Ugly Betty creator Silvio Horta says Amanda started off as a very minor character, but it didn’t take long “for all of us to realize that Becki was amazing. Every time the audience thinks they know everything there is to know about Amanda, [Newton] will do something that will completely defy their expectations, as well as ours.”

Newton with Ferrera on Ugly Betty.Photo: Patrick Harbron/Courtesy of ABC

She does her best work playing off Urie, who, as Mode peon Marc, brings the fashion-gay stereotype to an inspired level of bitchiness. Their easy banter is oddly soothing, given the vicious nature of their conversations; it’s a chemistry that stems from their real-life friendship—a sort of middle-school best-buddiness that I can only imagine irks their fellow cast mates. “Michael and I basically share a brain,” says Newton. “Something will happen and we’ll start laughing hysterically and no one else will know what’s funny. Sometimes we don’t know what’s funny!” Ugly Betty’s writers quickly picked up on their connection. “They started writing scenes for us right away. Even awful people in an office have friends. It humanizes the two of them.”

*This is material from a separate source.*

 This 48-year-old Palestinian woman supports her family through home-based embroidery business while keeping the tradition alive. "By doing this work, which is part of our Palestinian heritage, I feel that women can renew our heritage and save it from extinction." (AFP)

Newton is thrilled to be living in New York full-time again (the show moved from L.A. this season). Our city is, after all, where Mode is located. It also provided the setting for Newton’s classic meeting with her husband, actor Chris Diamantopoulos. Newton was in the Times Square subway station when he tapped her on the shoulder. “He asked me if I wanted to see him on Broadway naked,” she says. Before you get the wrong idea, it should be noted that he was starring in The Full Monty at the time. “It could have been creepy, but it was so cute!” The couple has settled back in their old apartment. “I never thought I’d end up on a show shot in New York. I’m not cut out to be a detective on Law & Order—I laugh too easily,” she says. Furthermore, her fashion-forward wardrobe finally makes sense. “It’s so fun to be walking around in my crazy Amanda outfits. People on the street here actually dress that way!”